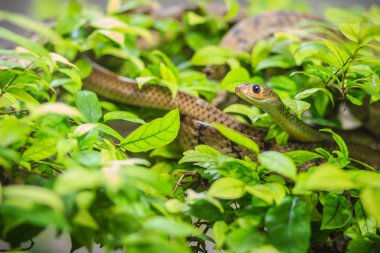 Şirin Çinhindi fare yılanı (Ptyas korros) ile yeşil yaprakları arka plan ağaç üzerinde kaymaya. Çin ratsnake veya Hint-Çin fare yılan, colubrid yılan Güneydoğu Asya'ya endemik bir tür olduğunu.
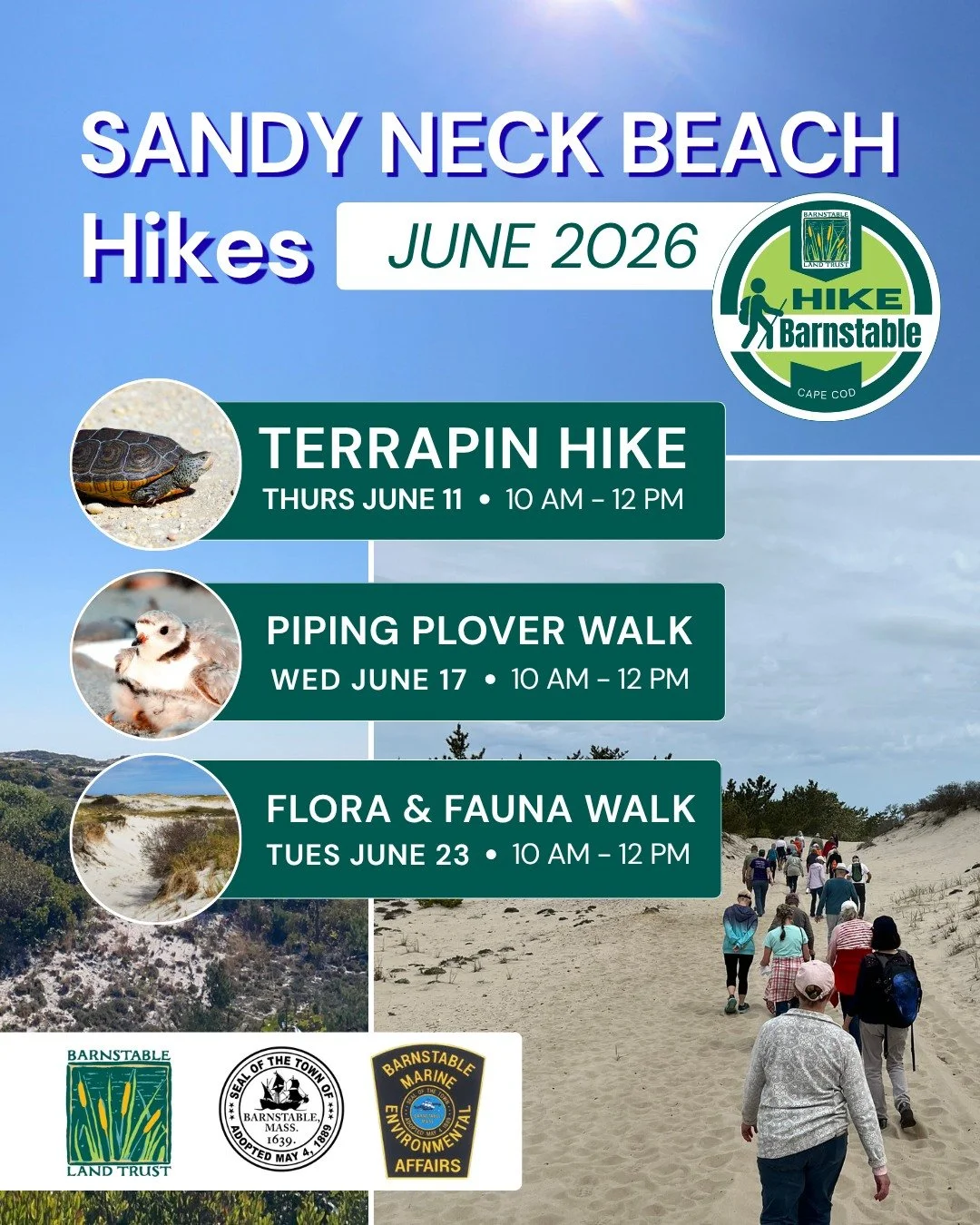 Three hikes. One extraordinary beach. Join BLT and Sandy Neck Park Staff at Sandy Neck Beach this June to discover terrapins, piping plovers, and the remarkable flora and fauna of Cape Cod&rsquo;s barrier beach ecosystem.

All hikes are free and part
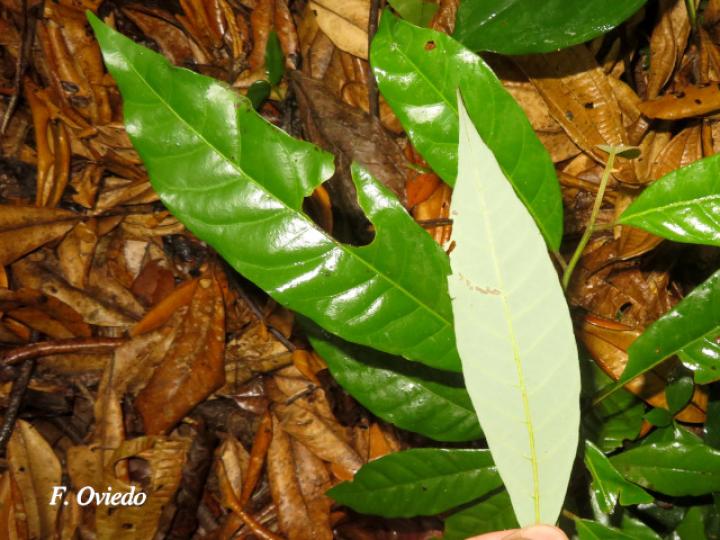 Virola sebifera (Cotón, fruta dorada)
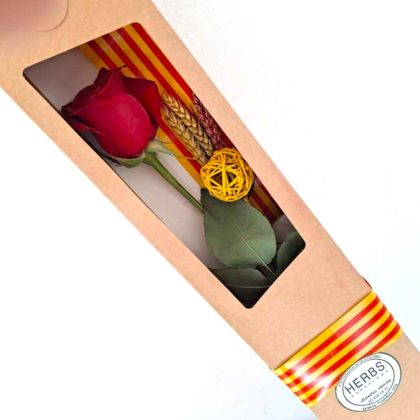 rosa-para-sant-jordi-barcelona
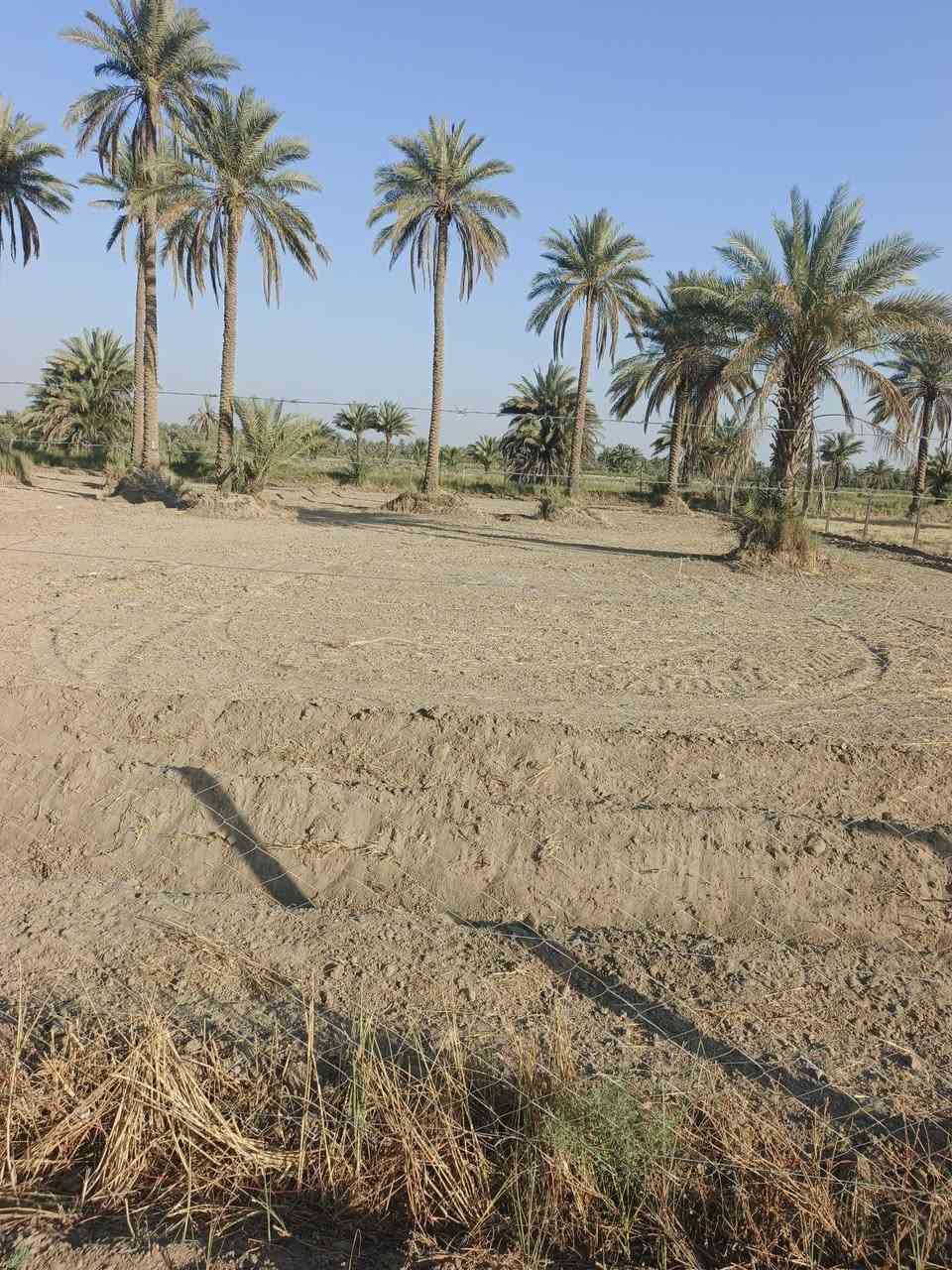 اسلام عليكم دونم ونص لبيع
طابو زراعي سند 25 الواجه 40متر
مكان الرض الدسميه مسيج بل كامل وجهيه عل بزل فرعي
سعره 60 وبي مجال اتصال ع ***********            ***********
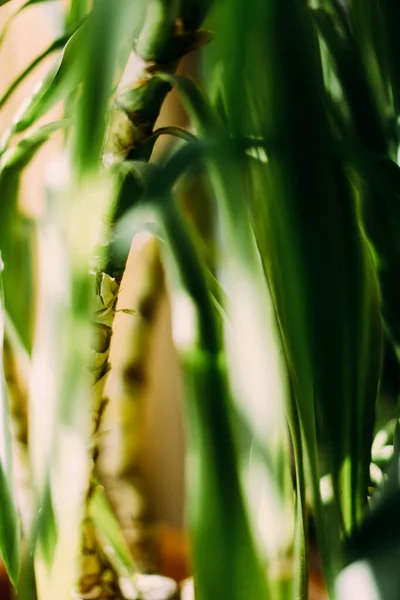 熱帯植物の葉の緑の抽象的背景枝のシルエット — ストック写真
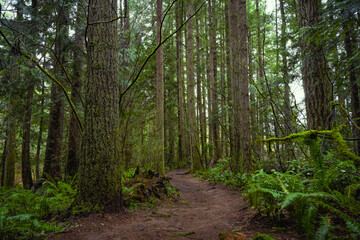 2021-02-04 A PEACEFUL PATH WINDING THROUGH THE FOREST IN THE PACIFIC NORTHWEST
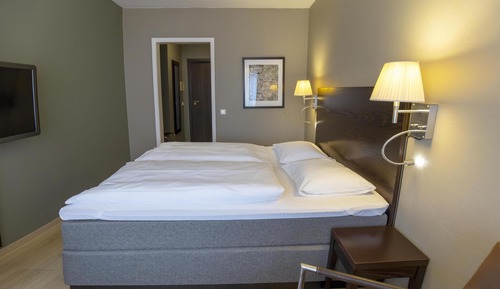 Standard Room, 1 Queen Bed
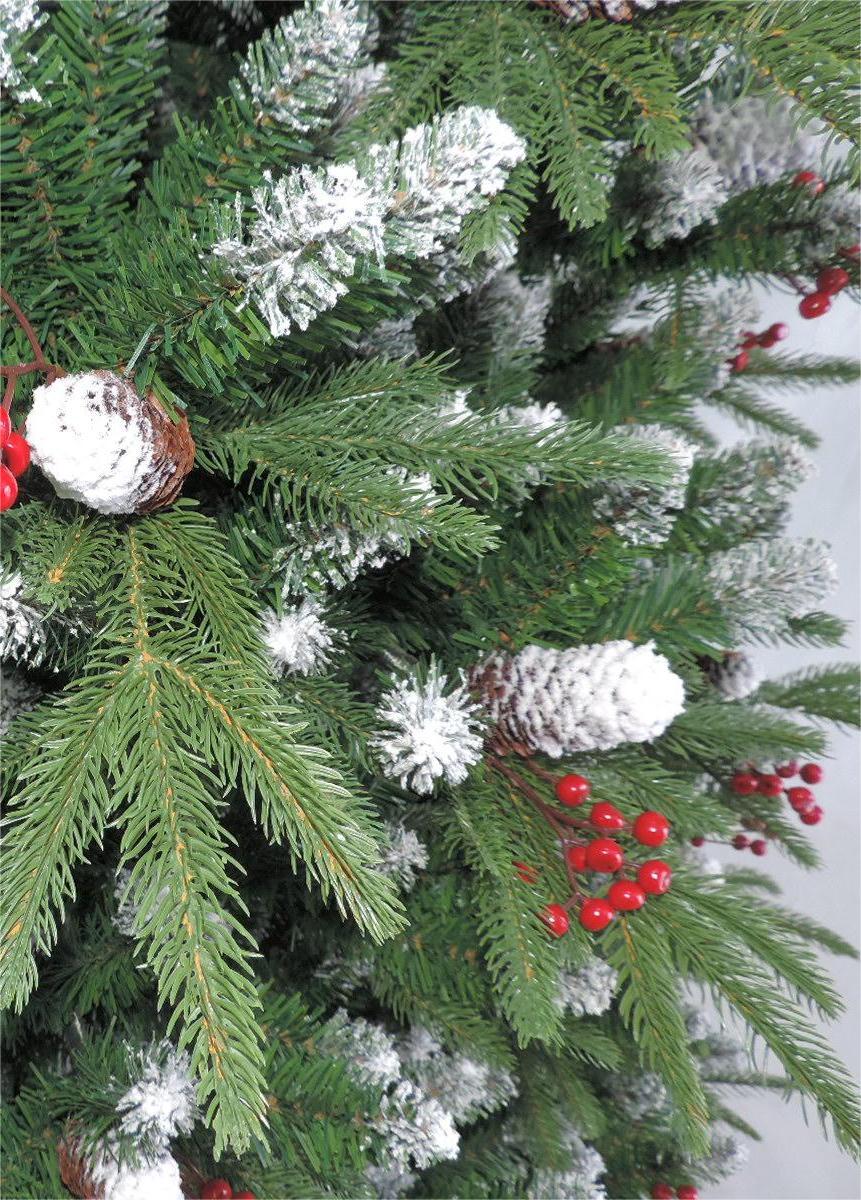 ნაძვის ხე შერეული წიწვებით გირჩებით და კენკრით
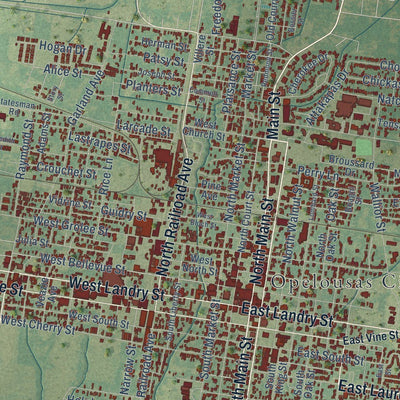 Close-up of the map of Opelousas, Louisiana print showing street and building detail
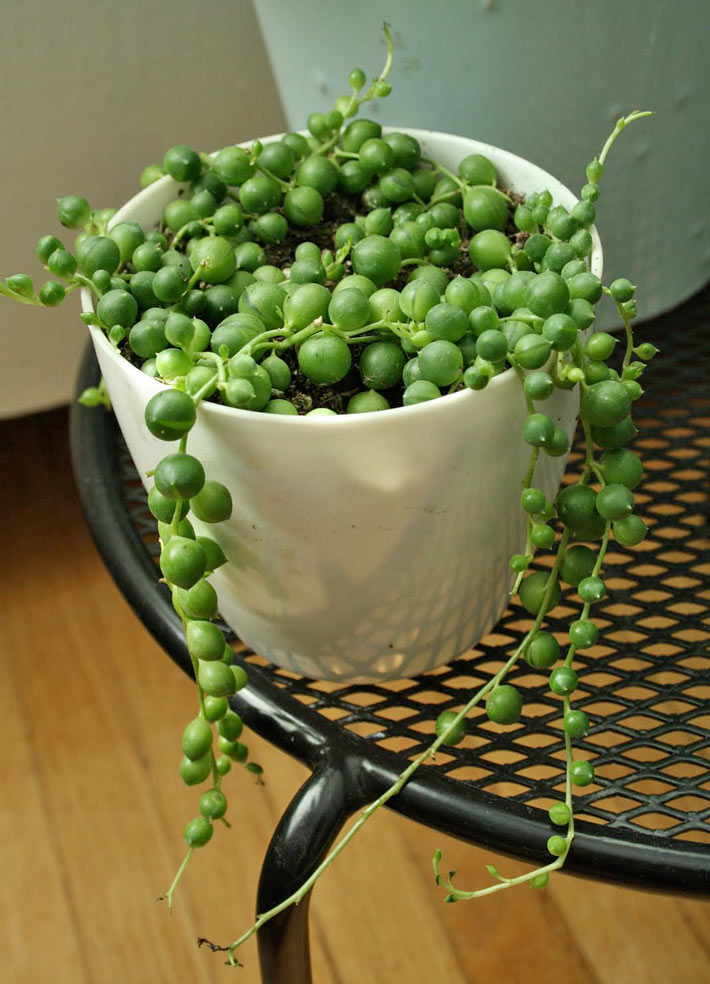 How to Grow and Care for a String of Pearls 2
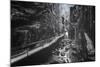 Trail to Flume Gorge, White Mountain New Hampshire-Vincent James-Mounted Photographic Print
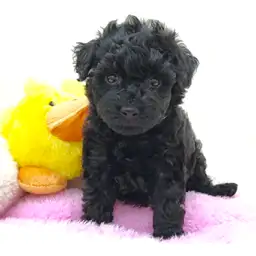 トイ・プードル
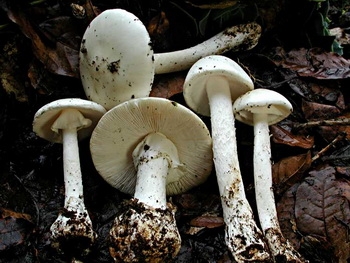 В Николаевской области отравилась грибами 17-летняя девушка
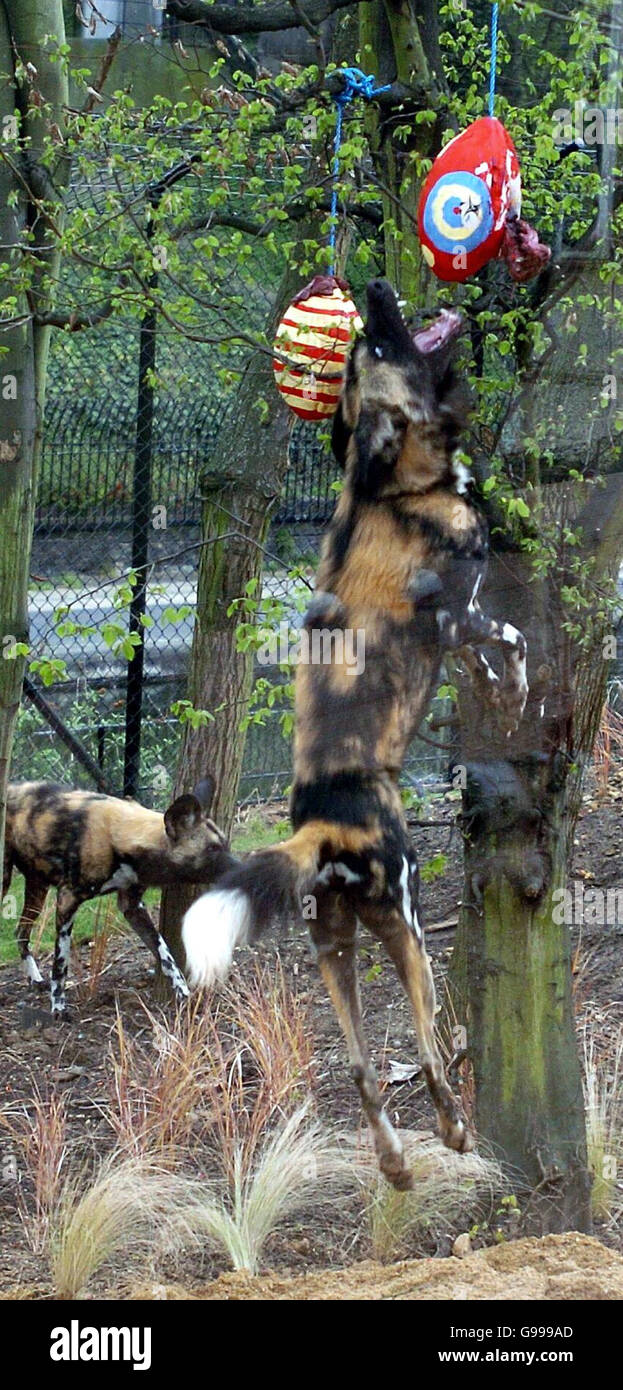 ANIMALS Easter. An African hunting dog jumps up to catch a painted egg filled with meaty treats for Easter at London Zoo. Stock Photo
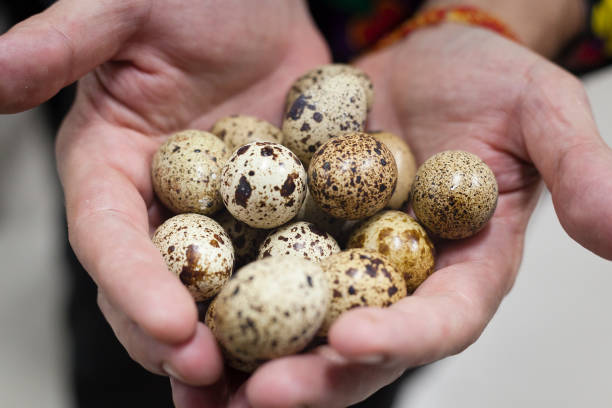 istock Quail eggs on a white male hands. 1030288318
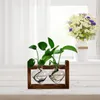 Vases Hydroponic Glass Vase Vintage Desktop Plant Terrarium Planter With Retro Wooden Stand Home Garden Decor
....
▸ YOUR GOAL:
Every entry above should be duplicated exactly. Do not include the images.

▸ EXPECTED ANSWER:
 Şirin Çinhindi fare yılanı (Ptyas korros) ile yeşil yaprakları arka plan ağaç üzerinde kaymaya. Çin ratsnake veya Hint-Çin fare yılan, colubrid yılan Güneydoğu Asya'ya endemik bir tür olduğunu.
 Three hikes. One extraordinary beach. Join BLT and Sandy Neck Park Staff at Sandy Neck Beach this June to discover terrapins, piping plovers, and the remarkable flora and fauna of Cape Cod&rsquo;s barrier beach ecosystem.

All hikes are free and part
 Virola sebifera (Cotón, fruta dorada)
 rosa-para-sant-jordi-barcelona
 اسلام عليكم دونم ونص لبيع
طابو زراعي سند 25 الواجه 40متر
مكان الرض الدسميه مسيج بل كامل وجهيه عل بزل فرعي
سعره 60 وبي مجال اتصال ع ***********            ***********
 熱帯植物の葉の緑の抽象的背景枝のシルエット — ストック写真
 2021-02-04 A PEACEFUL PATH WINDING THROUGH THE FOREST IN THE PACIFIC NORTHWEST
 Standard Room, 1 Queen Bed
 ნაძვის ხე შერეული წიწვებით გირჩებით და კენკრით
 Close-up of the map of Opelousas, Louisiana print showing street and building detail
 How to Grow and Care for a String of Pearls 2
 Trail to Flume Gorge, White Mountain New Hampshire-Vincent James-Mounted Photographic Print
 トイ・プードル
 В Николаевской области отравилась грибами 17-летняя девушка
 ANIMALS Easter. An African hunting dog jumps up to catch a painted egg filled with meaty treats for Easter at London Zoo. Stock Photo
 istock Quail eggs on a white male hands. 1030288318
 Vases Hydroponic Glass Vase Vintage Desktop Plant Terrarium Planter With Retro Wooden Stand Home Garden Decor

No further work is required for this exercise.